▶ Task description
One range is to be output from the listing below, exactly as written: the line with "Ladies Plastic Heels" to the line with "Charlotte Pudding [Championship", both kept.

+++ Records for this exercise

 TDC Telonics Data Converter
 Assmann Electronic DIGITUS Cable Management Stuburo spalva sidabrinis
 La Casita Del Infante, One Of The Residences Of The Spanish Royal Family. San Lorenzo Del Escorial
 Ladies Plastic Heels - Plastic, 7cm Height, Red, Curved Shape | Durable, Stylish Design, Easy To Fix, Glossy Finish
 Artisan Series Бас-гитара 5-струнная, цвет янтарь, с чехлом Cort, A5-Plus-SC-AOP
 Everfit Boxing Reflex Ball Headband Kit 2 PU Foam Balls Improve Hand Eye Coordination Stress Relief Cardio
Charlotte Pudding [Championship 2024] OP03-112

++++++
+++ Records for this exercise

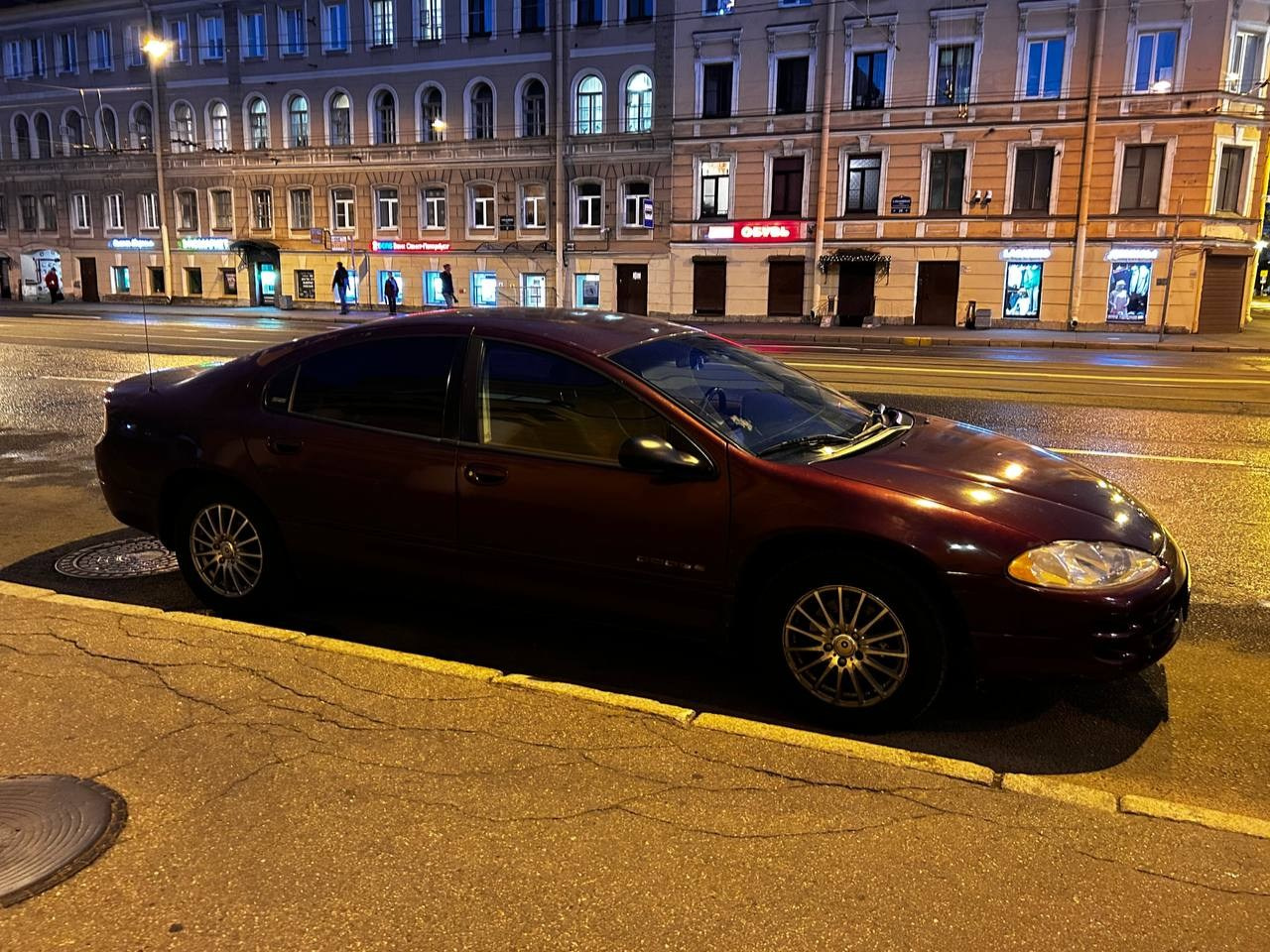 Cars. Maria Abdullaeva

++++++

▶ Output below
 Ladies Plastic Heels - Plastic, 7cm Height, Red, Curved Shape | Durable, Stylish Design, Easy To Fix, Glossy Finish
 Artisan Series Бас-гитара 5-струнная, цвет янтарь, с чехлом Cort, A5-Plus-SC-AOP
 Everfit Boxing Reflex Ball Headband Kit 2 PU Foam Balls Improve Hand Eye Coordination Stress Relief Cardio
Charlotte Pudding [Championship 2024] OP03-112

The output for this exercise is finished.